:: RECORDS SHOWN ::
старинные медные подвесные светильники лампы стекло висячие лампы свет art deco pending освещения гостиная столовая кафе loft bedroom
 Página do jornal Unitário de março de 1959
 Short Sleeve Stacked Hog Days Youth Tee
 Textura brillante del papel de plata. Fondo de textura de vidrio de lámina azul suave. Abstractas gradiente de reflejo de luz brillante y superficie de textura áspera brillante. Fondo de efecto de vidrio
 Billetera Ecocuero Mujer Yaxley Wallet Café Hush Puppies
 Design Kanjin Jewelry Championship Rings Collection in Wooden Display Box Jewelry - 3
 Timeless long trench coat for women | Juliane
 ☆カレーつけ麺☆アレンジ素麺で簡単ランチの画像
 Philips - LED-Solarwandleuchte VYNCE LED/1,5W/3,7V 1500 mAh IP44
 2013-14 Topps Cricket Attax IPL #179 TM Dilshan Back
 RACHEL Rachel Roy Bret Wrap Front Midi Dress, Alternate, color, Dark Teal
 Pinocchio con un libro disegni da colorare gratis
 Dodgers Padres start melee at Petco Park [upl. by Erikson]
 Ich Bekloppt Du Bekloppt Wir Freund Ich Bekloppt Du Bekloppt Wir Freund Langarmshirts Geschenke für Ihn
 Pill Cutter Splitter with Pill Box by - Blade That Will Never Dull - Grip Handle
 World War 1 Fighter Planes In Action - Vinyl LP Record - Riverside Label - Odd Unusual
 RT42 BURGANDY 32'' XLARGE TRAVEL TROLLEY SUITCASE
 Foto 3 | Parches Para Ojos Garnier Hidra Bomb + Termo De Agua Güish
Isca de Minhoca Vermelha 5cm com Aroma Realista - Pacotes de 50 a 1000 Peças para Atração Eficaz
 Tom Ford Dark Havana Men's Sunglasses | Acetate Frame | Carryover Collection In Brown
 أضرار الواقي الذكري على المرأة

:: THE PROBLEM ::
Your reply should be an exact copy of every line from the line with "Isca de Minhoca" through the final line of the data, and nothing more.

:: ANSWER TO THE PROBLEM ::
Isca de Minhoca Vermelha 5cm com Aroma Realista - Pacotes de 50 a 1000 Peças para Atração Eficaz
 Tom Ford Dark Havana Men's Sunglasses | Acetate Frame | Carryover Collection In Brown
 أضرار الواقي الذكري على المرأة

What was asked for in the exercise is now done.